== INFORMATION GIVEN ==

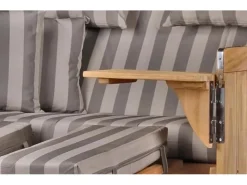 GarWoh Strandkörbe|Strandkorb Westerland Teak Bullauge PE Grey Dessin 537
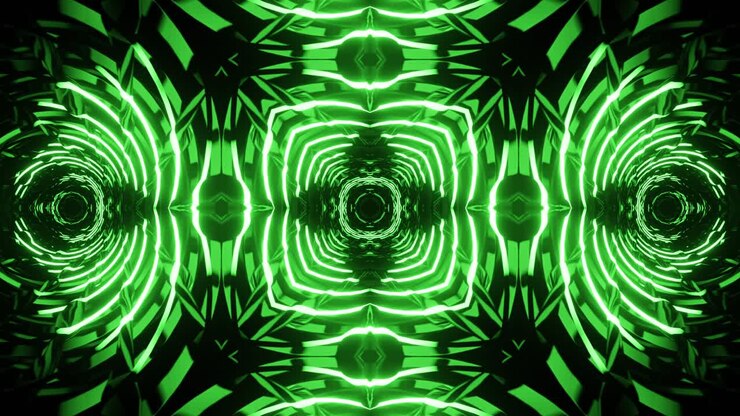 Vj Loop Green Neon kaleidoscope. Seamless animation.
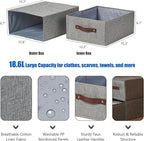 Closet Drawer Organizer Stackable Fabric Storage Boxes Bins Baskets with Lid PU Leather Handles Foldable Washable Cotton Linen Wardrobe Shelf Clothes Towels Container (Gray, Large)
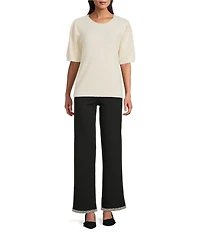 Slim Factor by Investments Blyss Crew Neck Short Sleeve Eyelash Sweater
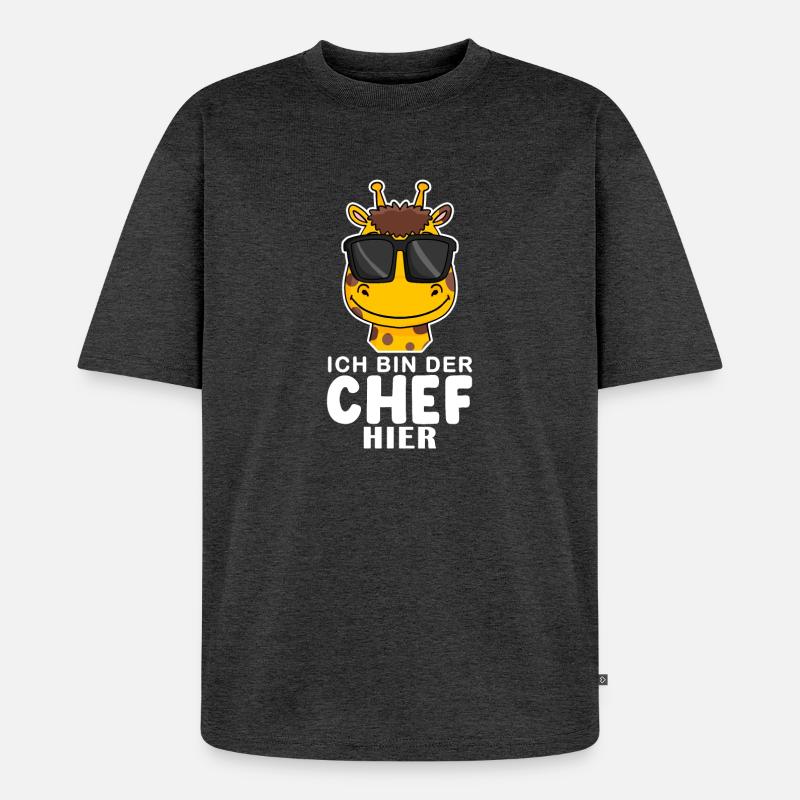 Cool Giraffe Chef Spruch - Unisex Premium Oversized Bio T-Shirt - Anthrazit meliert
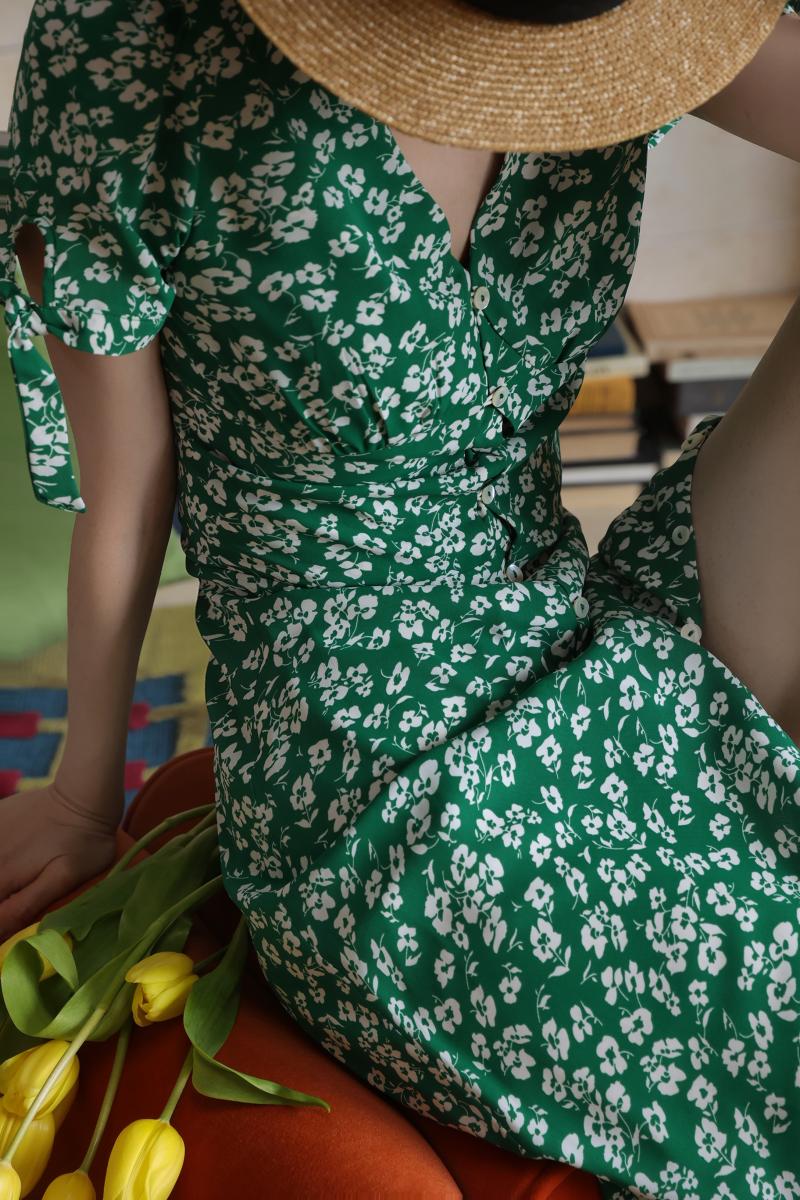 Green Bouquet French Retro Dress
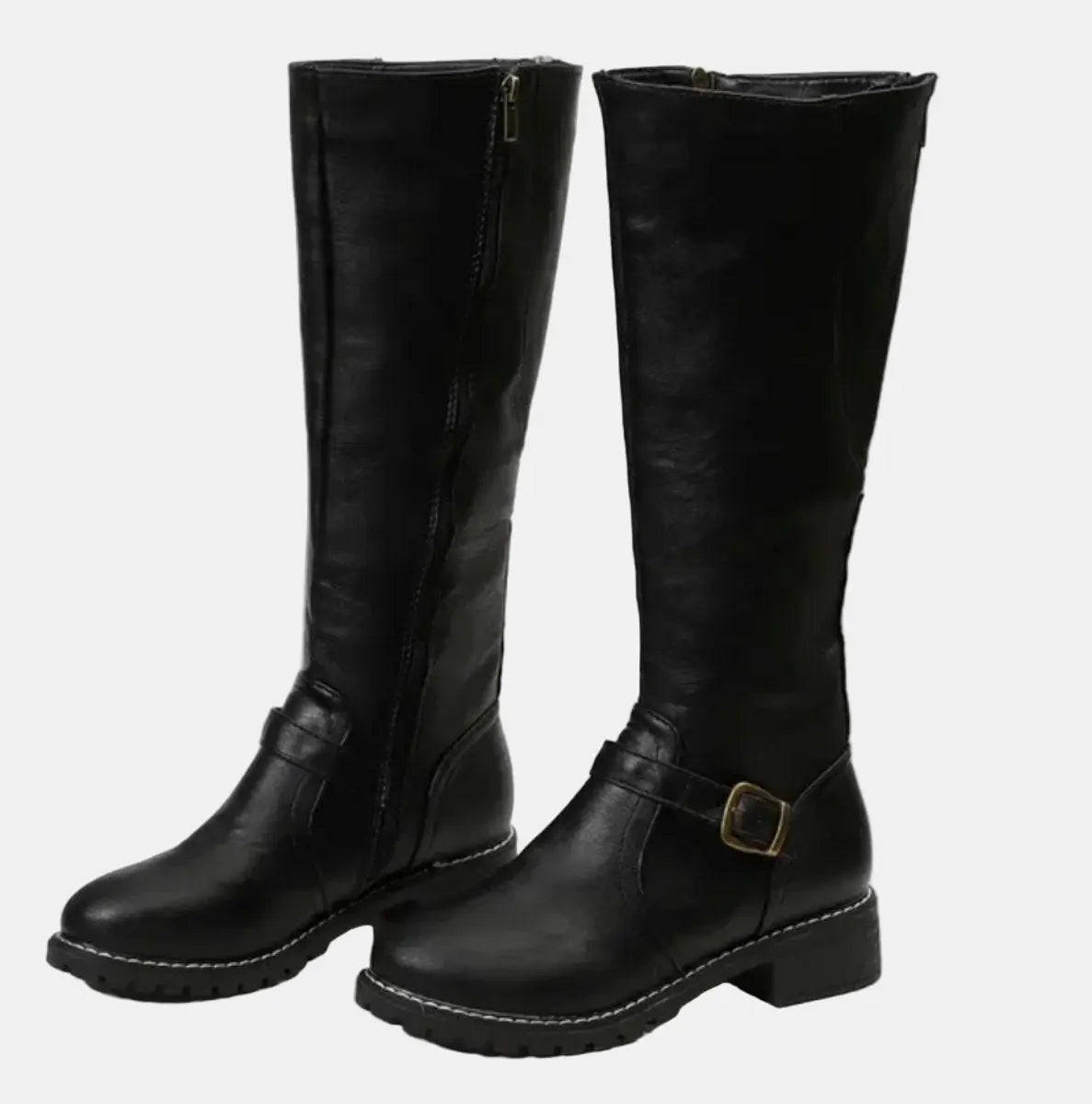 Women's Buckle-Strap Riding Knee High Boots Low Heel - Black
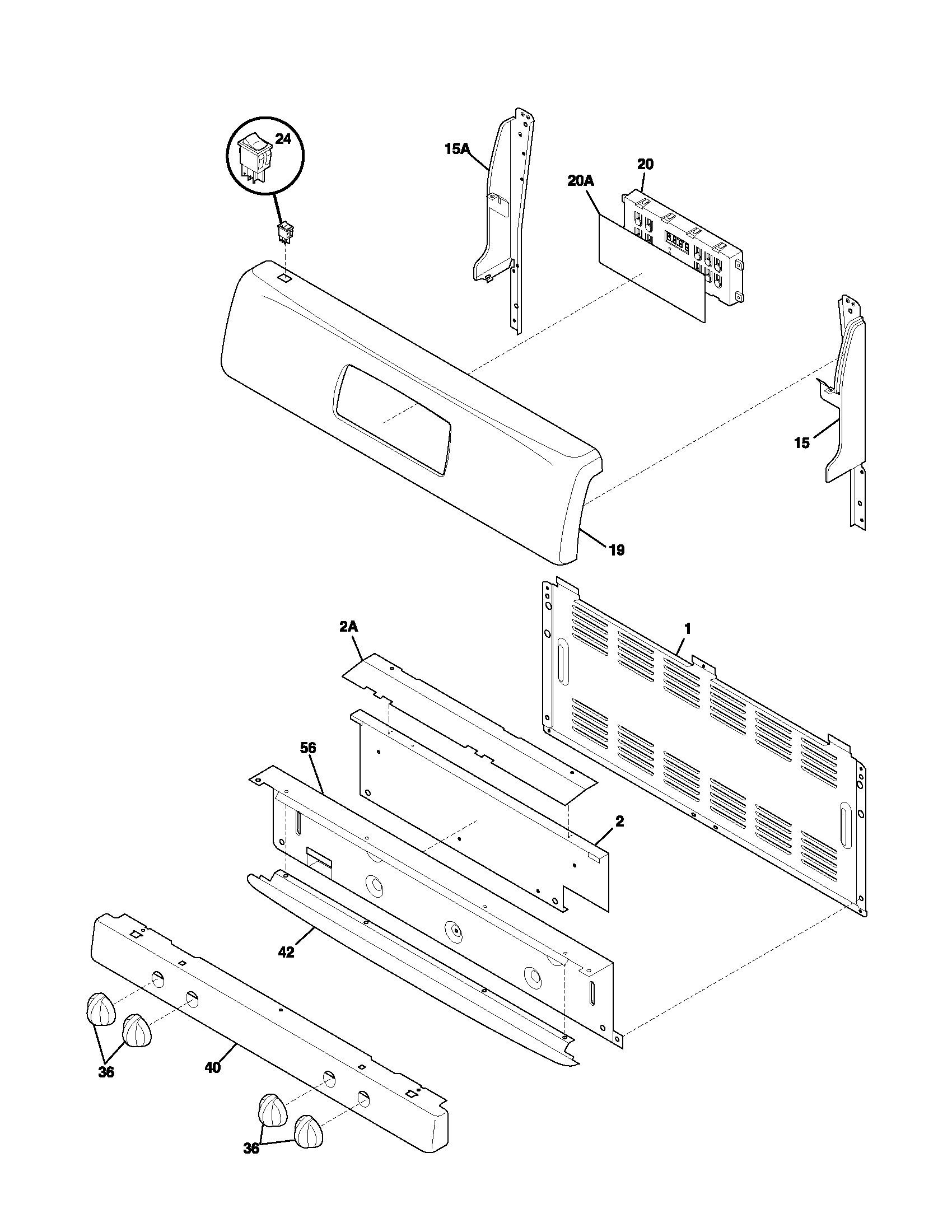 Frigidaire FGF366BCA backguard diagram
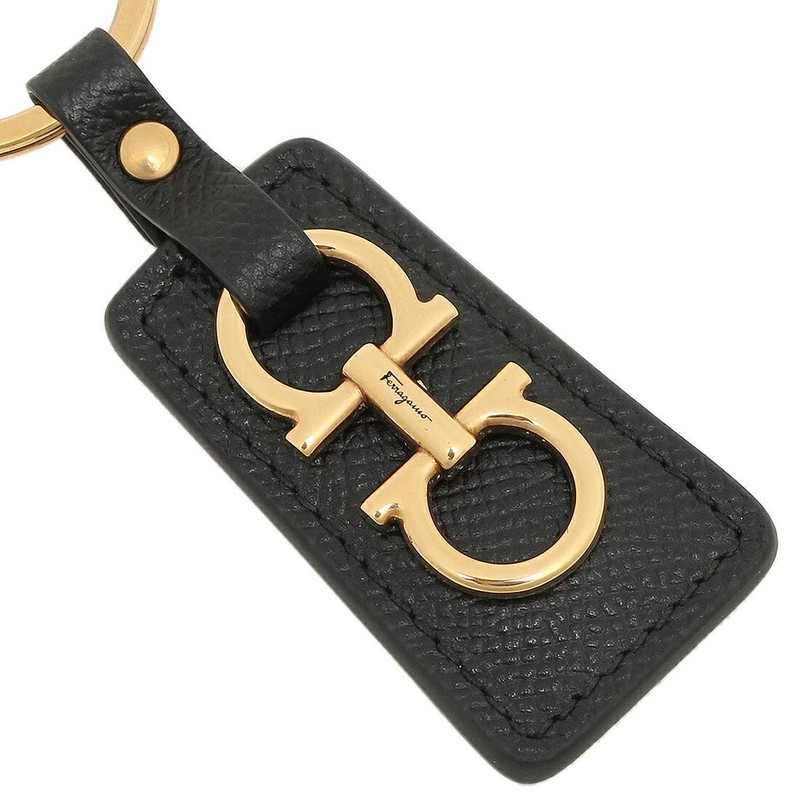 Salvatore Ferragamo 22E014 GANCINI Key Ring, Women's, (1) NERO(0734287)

== EXERCISE PROMPT ==
Once the pictures are removed, repeat all of the data above exactly.

== WRITTEN SOLUTION ==
 GarWoh Strandkörbe|Strandkorb Westerland Teak Bullauge PE Grey Dessin 537
 Vj Loop Green Neon kaleidoscope. Seamless animation.
 Closet Drawer Organizer Stackable Fabric Storage Boxes Bins Baskets with Lid PU Leather Handles Foldable Washable Cotton Linen Wardrobe Shelf Clothes Towels Container (Gray, Large)
 Slim Factor by Investments Blyss Crew Neck Short Sleeve Eyelash Sweater
 Cool Giraffe Chef Spruch - Unisex Premium Oversized Bio T-Shirt - Anthrazit meliert
 Green Bouquet French Retro Dress
 Women's Buckle-Strap Riding Knee High Boots Low Heel - Black
 Frigidaire FGF366BCA backguard diagram
 Salvatore Ferragamo 22E014 GANCINI Key Ring, Women's, (1) NERO(0734287)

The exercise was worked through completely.